While new discoveries in Alaska have raised hopes recently, the state's oil production has been falling for years. Most of the easy crude has been sucked out of Prudhoe Bay, the mammoth field on Alaska's North Slope. And the availability of cheap shale in the lower 48 states means there's less incentive for explorers to open new fields farther north, where drilling can be three times more expensive.

The result: Alaska's output was 565,000 barrels a day last month, down from a peak of more than 2 million in 1988, according to state data.

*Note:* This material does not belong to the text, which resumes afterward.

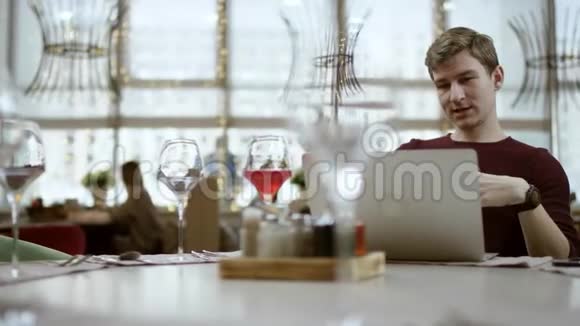 一个年轻的商人坐在一家咖啡馆的桌子旁用iphone一边笑一边看着过路人视频的预览图
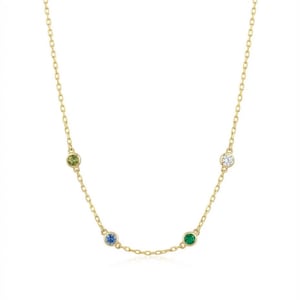 May include: A delicate gold necklace featuring a chain with four colorful gemstones: a light green, a blue, a green, and a clear stone. The necklace is a simple, elegant design, perfect for everyday wear.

Lower volumes mean crude travels more slowly through the pipeline, losing heat along the way. And at low temperatures, crude behaves badly. Ice crystals form that can damage pumping equipment. Carbon molecules, meanwhile, coalesce into paraffin, a waxy residue that, if not cleared out, can gunk up the line "like a big, frozen tube of ChapStick," said Betsy Haines, Alyeska's oil-movements director.

The pipeline opened for business on June 20, 1977, an American response to the OPEC oil embargo that brought the U.S. economy to a halt earlier in the decade. Some 70,000 workers trooped north to build the line, surmounting three mountain ranges, 30 rivers, howling Arctic winds and permafrost that crumpled steel pilings.

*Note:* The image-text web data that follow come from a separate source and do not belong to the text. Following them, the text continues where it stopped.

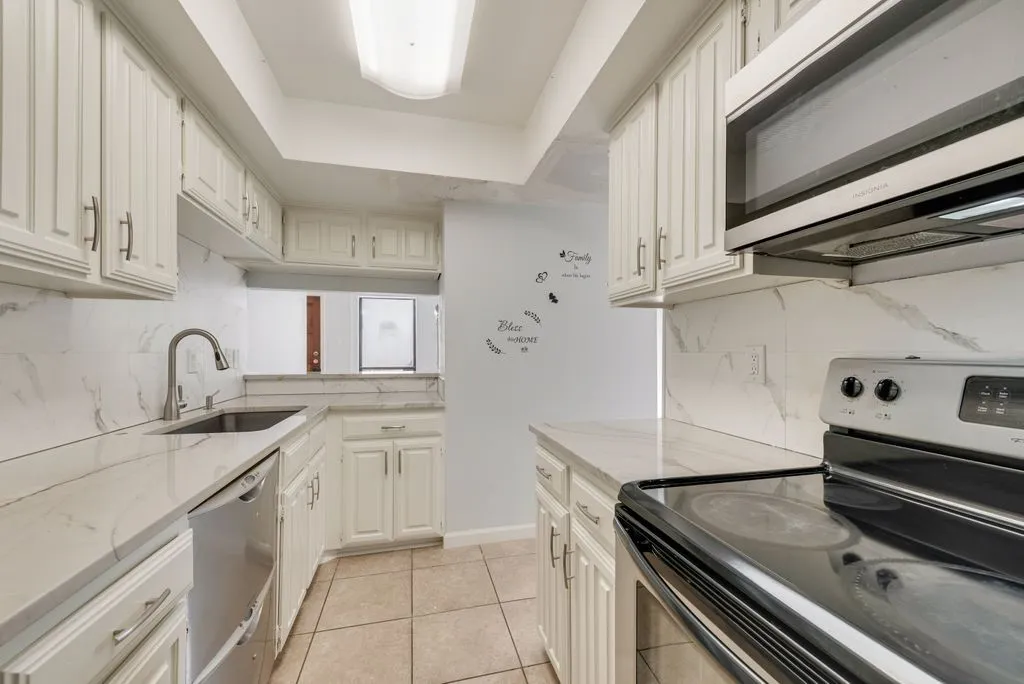 Galley kitchen featuring white cabinetry with brushed nickel hardware, tile countertops, stainless steel appliances including double wall ovens, and a window overlooking the front entrance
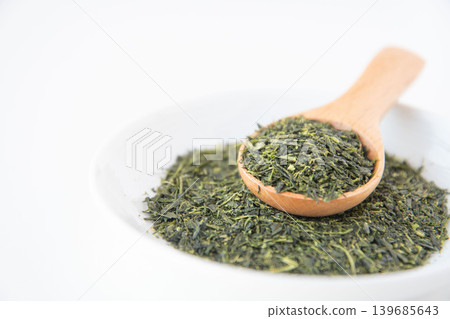 Close-up of green tea leaves served on a small plate. Close-up of green tea leaves served on a small plate. 139685643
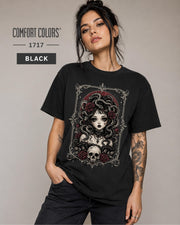 Woman wearing a Black Comfort Colors 1717 T-shirt featuring a gothic Medusa-inspired woman with snakes, dark roses, ornate framing, and a skull design.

The project touched off a boom that left Alaska permanently tied to the fortunes of petroleum. State residents still get an annual check based on oil revenues. But as production and prices have tumbled in recent years, the state's economy has suffered. State lawmakers in Juneau are grappling with a $3 billion budget deficit this year, along with one of the highest unemployment rates in the nation.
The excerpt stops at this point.